On the other hand, I feel like it is kind of a risky situation to try to manage these patients over the phone when I haven't seen them since their discharge from inpatient. I also feel like in some cases it would probably be good for some of these people to have an incentive to GO TO THEIR OUTPATIENT FOLLOWUP. Yet I also worry about what happens if I don't do anything about their requests and something bad happens.
What do you guys do? Thanks for any thoughts.
 
In very limited circumstances I will refill medications after discharge (e.g. Homeless patient had 2 week supply of cymbalta stolen one night in the shelter). I would never fill out forms or write letters unless I agreed to do it while they were in the hospital. I wouldn't change a medication without seeing the patient. People can get refills at an urgent care, primary care, or ED, they don't need you to do this generally.

The patients need to follow up with the outpatient Doctor, or if they are doing really bad they need to got to the ED.

You should have a unit secretary taking these calls and diverting most of them for you. I hope they're not calling you on a direct line.

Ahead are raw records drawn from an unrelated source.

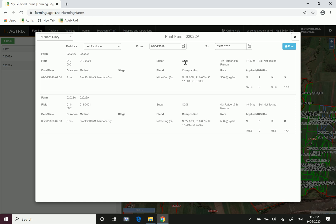It does give you the variety of that block, so 10-1 was 208 fourth and fifth return. The other block that we fertilized on the same day is listed below as well, so 11-1 again nitro king S at 580 kilos per hectare.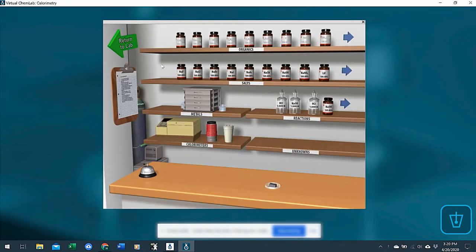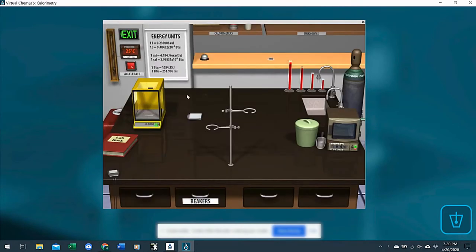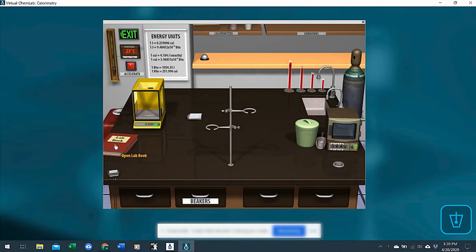Now they have an unknown metal here, they don't know the identity. They could set up a whole calorimeter setup with the water, and then put the heated block in, test it, and then they can report to you what they calculated.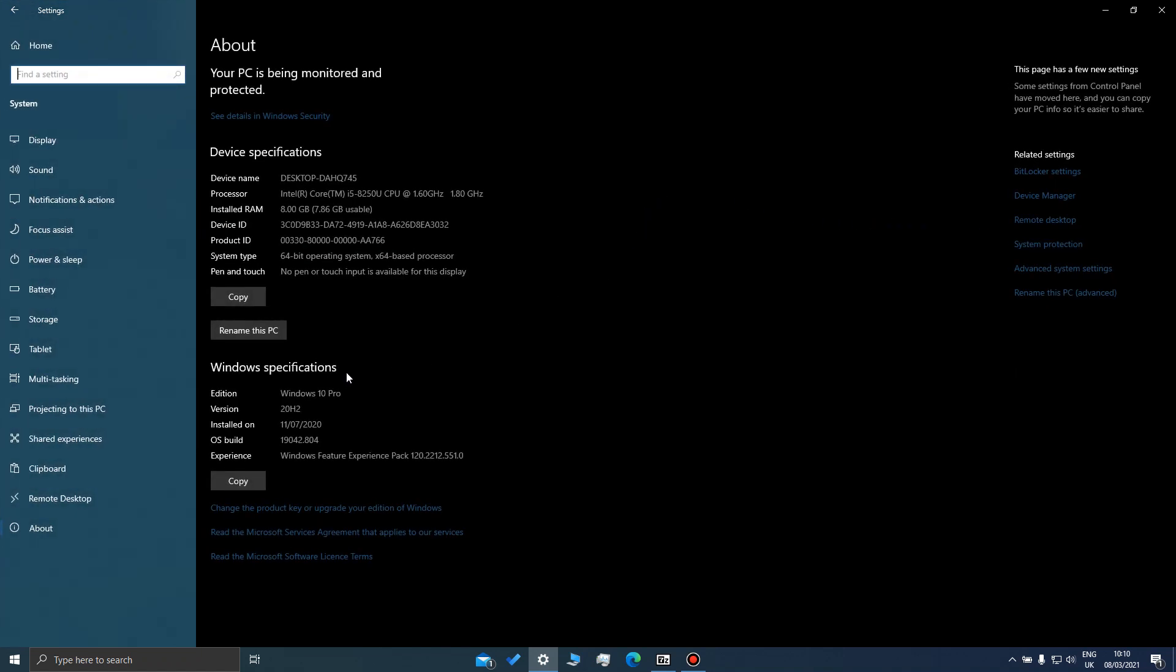And there you go - Windows specifications. Windows 10 Pro, version 20H2, build number as well. You can copy that and keep it somewhere if you want to.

Start demanding closer follow up appointments so patients don't have to wait 2 months to be seen.
 
Where I work, we generally get people to someone who can prescribe within 7 days of discharge (or really close to that). If they miss that appointment, that's really on them. I think your treatment relationship basically ends when they discharge, and I wouldn't feel comfortable renewing and especially changing medications. Luckily my county has an urgent mental health walk-in clinic which is always an option. PCPs also do a lot of prescribing in my community, so that should also help.

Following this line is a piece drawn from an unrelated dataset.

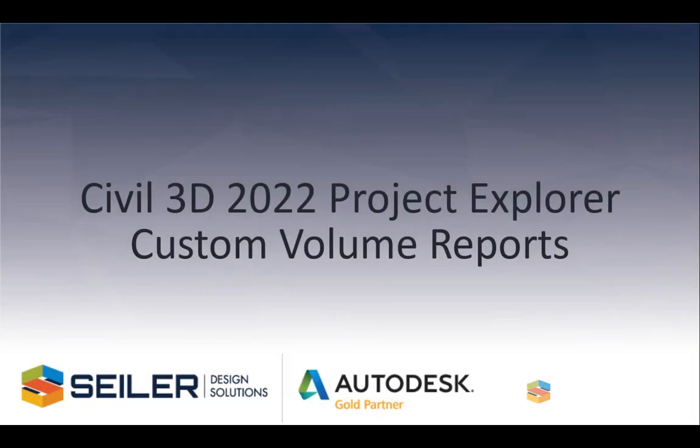Hello, my name is Mark Shinesk. I'm Senior Application Engineer with Scylla Design Solutions. And in this video, I'm going to show you how to make custom volume reports using the Project Explorer.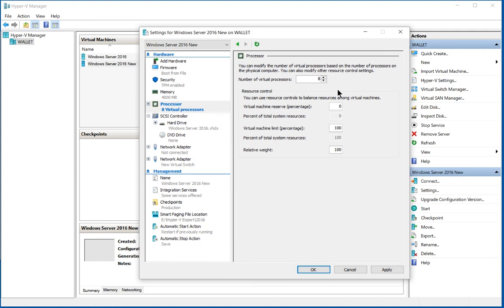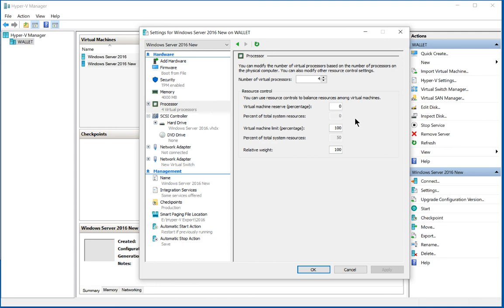I definitely recommend you don't use as many as you actually have in the host itself. You probably want to back off at least a couple or maybe even a little bit more. However, don't be afraid of using that same amount in every one of your virtual machines because they do share those processors when they're not fully used by any one single virtual machine.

Maybe our unit secretary does a good job filtering these things because I haven't gotten a single request for a refill since starting my inpatient job.
 
Educating the staff and working with them is a key to successful practice both inpatient and outpatient. If they feel supported, they will help sort the wheat from the chaff. We get lots of training and education on how to deal with our patients, they don't and I find that if they feel that we are working together, they will handle most of the phone calls that I don't need to anod ensure that the key calls get through to me.
 
Yet I also worry about what happens if I don't do anything about their requests and something bad happens.
What do you guys do? Thanks for any thoughts.

I'd be amazed if there is much risk here. I think it's certainly riskier to prescribe for a patient you are no longer treating. Perhaps it's reasonable to make sure the discharge paperwork states clearly that they need to follow up with an outpatient provider for future medication issues and also to state very clearly that you are only giving a certain specific time limited amount of medication.
 
Appeasement is much more difficult to avoid over the phone than in person, as I do not get compensated to talk to patients on the phone and after 60 seconds I can't focus on much else besides determining the fastest way to get off the phone.

Generally this comes up most often with controlled drugs or drugs in which you need a specialty or waiver to prescribe them (i.e. Suboxone, ketamine, but unfortunately also long-acting meds and meds not covered or inadequately covered by insurance). You'll make your life a lot easier by prescribing the cheapest, most vanilla meds you can and letting the placebo effect do its job.